SONER UÇAK YAZDI...
Korona zirve yapıyordu.
Avrupa başta olmak üzere değişik ülkeler korona mücadele ile ilgili olarak önlemler alıyor, Türkiye geçte olsa bu önlemlere ortak oldu ve bazı uygulamaları hayata geçiriyordu. Derken; AK Parti kongreleri başladı. Hani o unutulmayacak deyiş ile lebalep kongreler… Aklı başında pek çok insanın iner tutar yanı olmayan bu “lebalep”lik karşısında diyecek söz bulamaması gayet doğal değil miydi?
Unutmuyorum, Eskişehir’de yapılan kongre sonrasında Cihan Yıldırım ile birlikte masa üstünde ne diyeceğimizi bilememiştik . Yasağı koyanların, yasakları bizzat çiğnediklerine şahit olmanın saçmalatan ruh hali içerisinde atıp tutmuştuk. Eleştiren sadece bizler değildik. Ucundan kıyısında insan sağlığı ile ilgili kaygı güden herkes o görüntüler sonrasında AK Parti’ye ateş püskürtmüştü.
Gel vakit git vakit, aradan bir yıl geçti geçmedi şimdi koronanın varyantları ile karşı karşıyayız.
Deltasından, Omicronuna kadar pek çok yeni kelime hayatımıza girip, hayatlardan çalmaya devam ediyor.
Avrupa yine kapanıyor Amerika’da vaka sayısı 1 milyonu yeniden aştı. Ülke evlere şenlik bir vaziyette, şehirde ilk 3 dalgada hastalıktan korunanların tamamı bu kez yakalanmaktan kaçamıyor.
Esnaf “yeniden kapanır mıyız?” korkusuna gark olmuş vaziyette.
Hal böyleyken karşımıza başka bir lebaleblik daha çıkıyor.
CHP Odunpazarı İlçe Başkanlığının düzenlediği sandık görevlileri toplantısı ile Halk Merkezleri ve meslek kurslarındaki kadınlarla yeni yıl kutlaması.
O lebaleblikten şimdilik üç kişinin ismini duyduk
Odunpazarı Belediye Başkanı Kazım Kurt, CHP İl Başkanı Recep Taşel ve CHP Odunpazarı Gençlik Kolları Başkanı Oğuzhan Demir.
Her üç isme geçmiş olsun.

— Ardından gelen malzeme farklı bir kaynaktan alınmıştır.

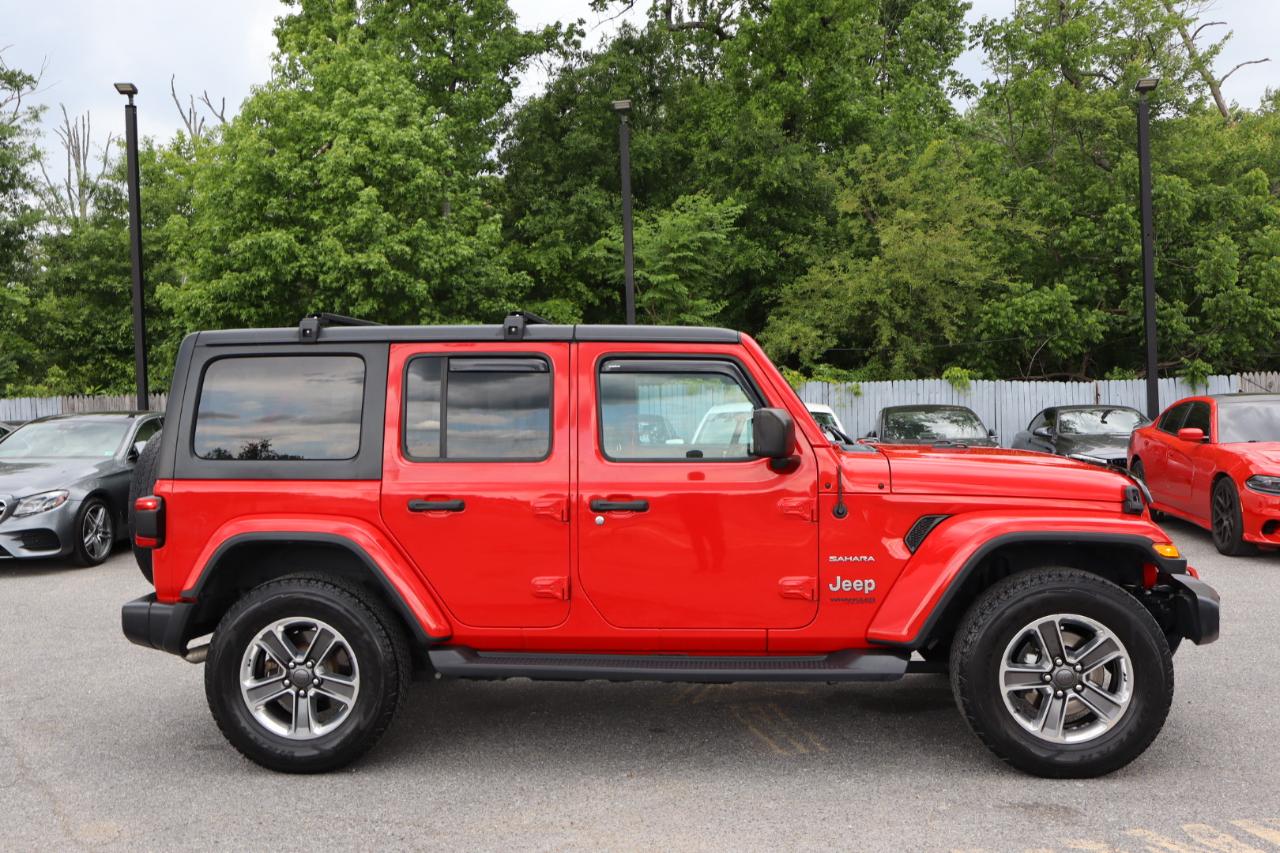 Jeep Wrangler Unlimited Sahara 4x4 2018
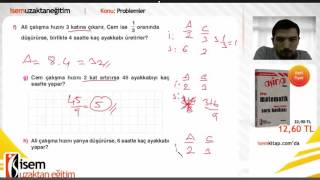 31 İşçi Havuz Problemleri 2 - İlyas Güneş 2016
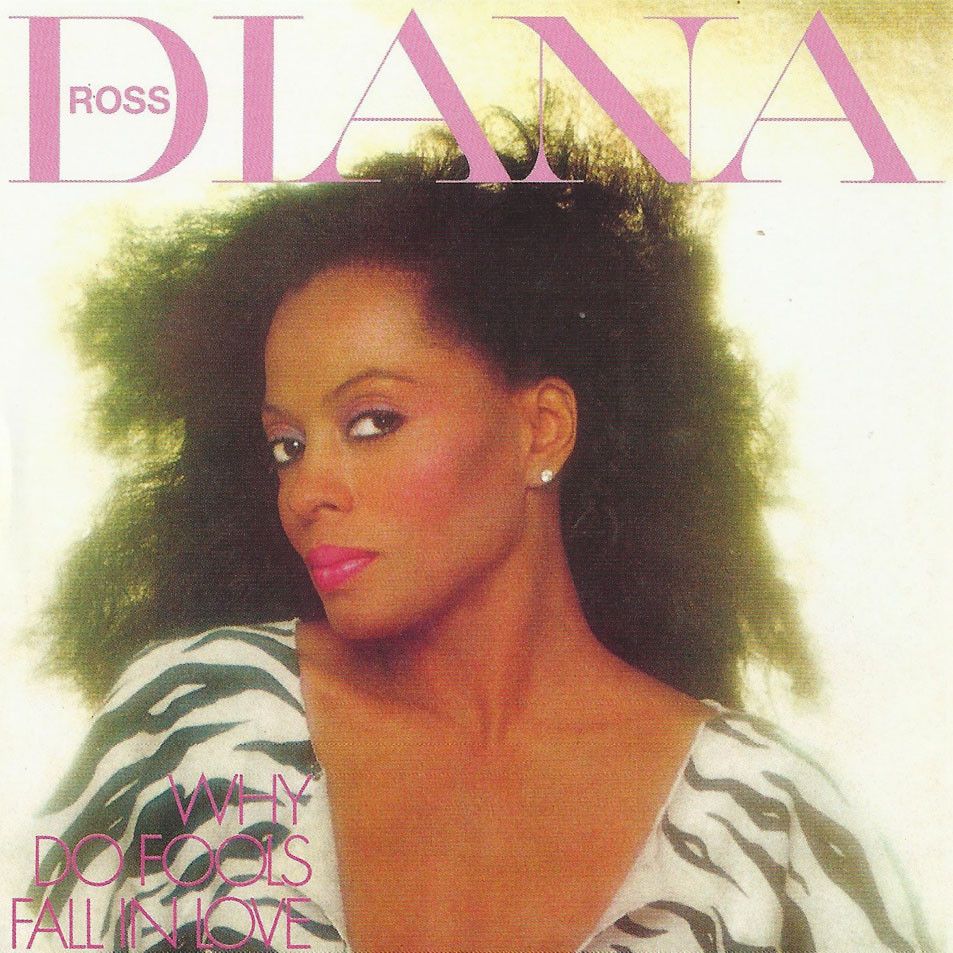 Album cover art for "Endless Love" by Diana Ross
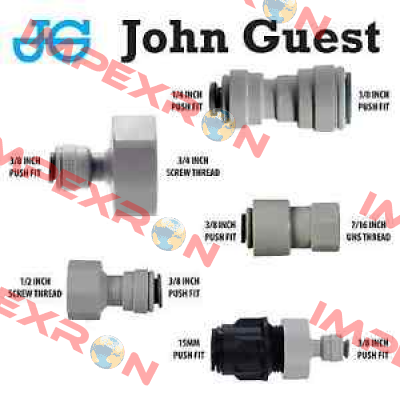 3/8" John Guest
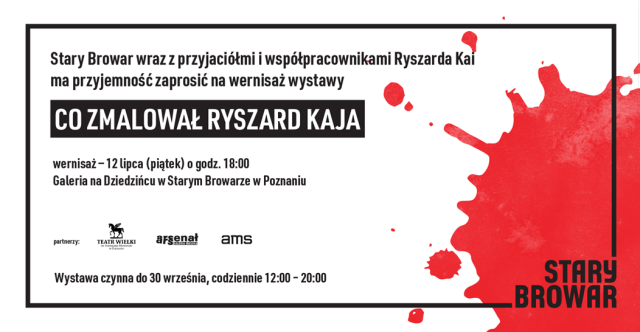 Wystawa Ryszarda Kai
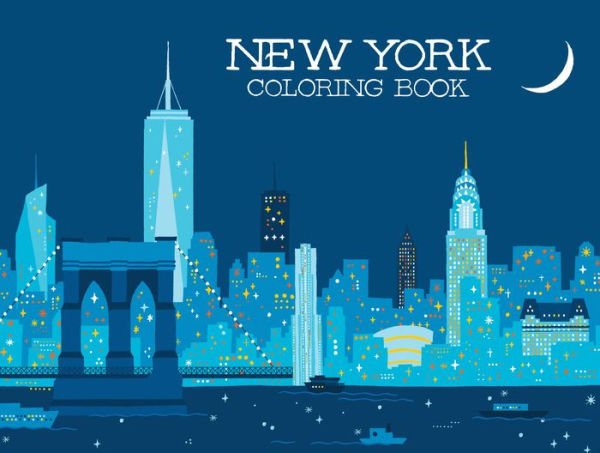 New York Coloring Book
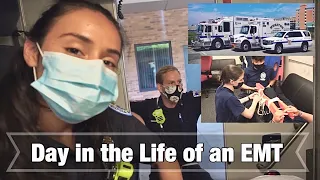 DAY IN THE LIFE OF AN EMT| 24 HOUR WEEKEND SHIFT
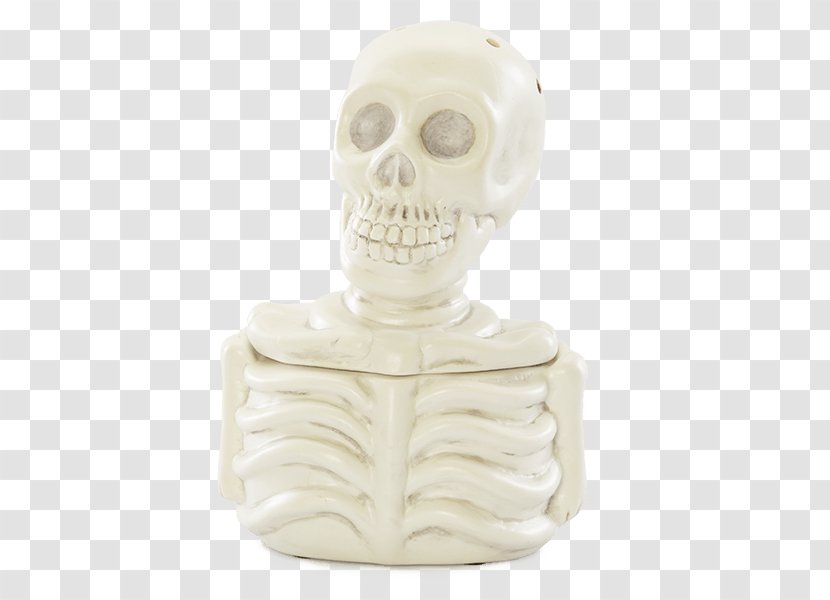 Candle & Oil Warmers Bone Scentsy Skeleton - Odor - Live Simply Transparent PNG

Umarım bu süreci en az sorun ile atlatırlar.
İşin tuhaf tarafı ise şurada yatıyor; AK parti kongrelerine en çok öfkelenen ve insan sağlığına en fazla vurgu yapan kafile bu kez kendi lebalep toplantılarında gerdan kırdı.
Zannediyorum, muhalefetin en konforlusu “dediğimi yap, yaptığımı yapma” tarzı olan.
Oysaki; şimdiye kadar yerel yönetimler zorlu sınavı çok iyi bir şekilde geçirmişlerdi.
Bu son iki etkinlik maalesef başarılı performansa gölge düşürür cinsten. Eskişehir’de halk sağlığından en az merkezi hükümet kadar sorumlu, ayrıca merkezi hükümetten daha iyisini yapabileceklerini göstermek zorunda olan tarafın, AK Parti ile aynı hatada buluşması işi daha trajik bir hale getiriyor.
Yani dünün lebalep kongreleri ile bugünün tıklım tıklım kutlaması arasında bir fark yok. Bilimi inkar eden, şovu önceleyen, insanı öteleyen siyaset tarzı toplumu çökertiyor.